Last month, I was incredibly lucky to have a Canadian visitor!! W flew all the way from Alberta for a two week visit, and I could not be more grateful. There is something about seeing people from back home that is so comforting, and makes this experience seem much more real. After exploring Stockholm for one week, L's mother and I travelled to Berlin, Germany for five days of exploring.
After hearing recommendations from my German friends, and listening to other foreign students gush about their time in Berlin, I traveled to the city with some pretty high expectations. I am happy to say, Berlin did not disappoint.
Checkpoint CharlieThe history in Berlin is absolutely incredible, over-pouring over onto every street corner. As one travel brochure describes, "no other city in the world physically conveys the dramas of the 20th Century like Berlin." Even if you somehow manage to avoid the numerous museums, (there is literally an entire island of museums), the scars of Communist neglect are visible. Apartment buildings covered in WWII bullet hole marks are not uncommon.
Standing in what looked like any old parking lot, I was surprised to learn we were actually standing over the bunker where Hitler died. As people passed on by, parking their cars, carrying on with their day to day tasks, I felt the urge to scream "did you guys not hear that, this is the spot he died!!!" But Berliners are not phased. Such is the scale of Berlin's visible history, the entire city is filled to the brim with remarkable sites, making it impossible to visit everything, and for Berliners, just a part of day-to-day life.
Architects and artists have collaborated to design monuments and memorials with incredible creativity, like the Memorial to the Murdered Jews of Europe, pictured above.
The trip was made even more memorable given the fact that we were visiting the city just days before the 22nd anniversary of the fall of the Berlin Wall. Scattered around the city you can still find parts of the wall, a graffiti-adorned tribute to West & East unity. I don't remember where I was on Nov 9, 22 years ago, but most people here do: many secluded from their family and friends on either side of the wall.
Our city tour guide described Gunter Schabowski as a schmuck of a politician, essentially responsible for triggering the events that unfolded November 9, 1989. I laughed and nearly cried as our guide gave a fantastic overview of the fall of the wall. Around 7pm, Schabowski, the spokesman of the central committee of the ruling East German party, committed a major political blunder, incorrectly announcing during a live press conference that the country's travel restrictions were to be lifted, Visas to be freely granted to those wishing to travel outside of East Germany. When an Italian journalist questioned, "as of when," Schabowski hesitated, glanced at the minutes from a meeting held earlier that day, and improvised, "as far as I know... as of now." The media understandably exploded with the news, proclaiming "the wall has fallen!" and thousands of East Berliners streamed to checkpoints along the wall, eager to cross over to loved ones.

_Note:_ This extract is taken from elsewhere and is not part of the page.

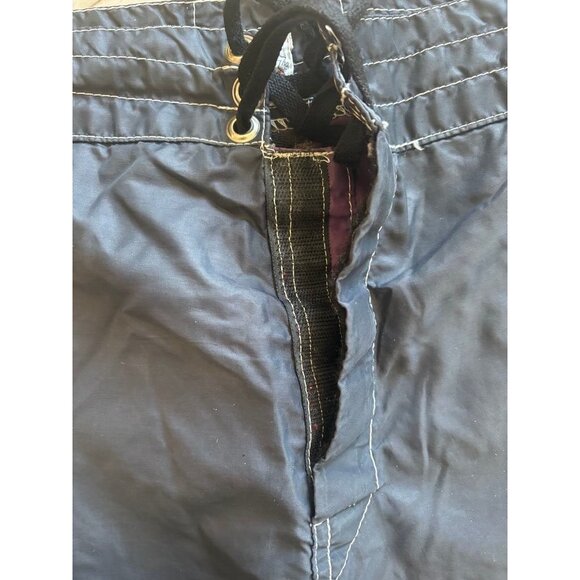 BIRDWELL BEACH BRITCHES Swim Trunks Shorts Mens Size 28 Navy Blue Drawstring - Picture 7 of 7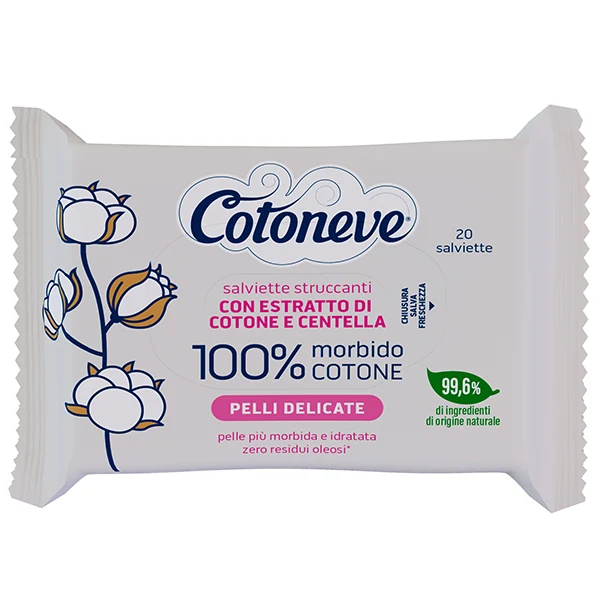 COTONEVE - 3674CV - Salvietta struccante - pelli delicate - cotone - Cotoneve - conf. 20 pezzi - 105931 - Conf. da 1 Pz.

As we now know, Schabowski was very mistaken, incorrectly announcing a proposal which was had only been discussed earlier that day and did not actually involve any legitimate opening of the border. Regardless, after failing to receive decisive instructions from their supervisors, East German border guards eventually gave up their posts allowing the crowds of East Berliners to pass through the border . I cannot begin to imagine how it felt to cross over the barrier, family members greeting each other with open arms and celebratory champagne.
When we weren't consumed with the City's history, our days were spent exploring, hopping in and out of restaurants based both on previous recommendations and the size of the crowd. We felt adventurous and tried everything from pork knuckle, currywurst, and mug after mug of glühwein. Needless to say, we did not go to bed hungry!
Walking the streets of Berlin is far from boring. There are things to look and interesting people to watch every direction you look. Case in point: the building above had the the most interesting privacy shades.
Like most European countries, Sunday means all stores are closed. Lucky for us, Berlin is home to a number of outdoor markets and we gladly spent our Sunday exploring Mauerpark, a fleamarket with an incredible range of products. When we grew tired of searching for treasures, we were happy to find stands selling glühwein, and joined locals taking in live music.
Well, thats embarrassing. A five day excursion, and a "heavy bag." Whoops. Thank you so much to W for making the long trip down to visit and for organizing such an amazing trip! I am so grateful.
As an added bonus, my Ugg boots arrived from Canada with perfect timing. Stockholm just became a snow covered winter wonderland - time to go explore the forest!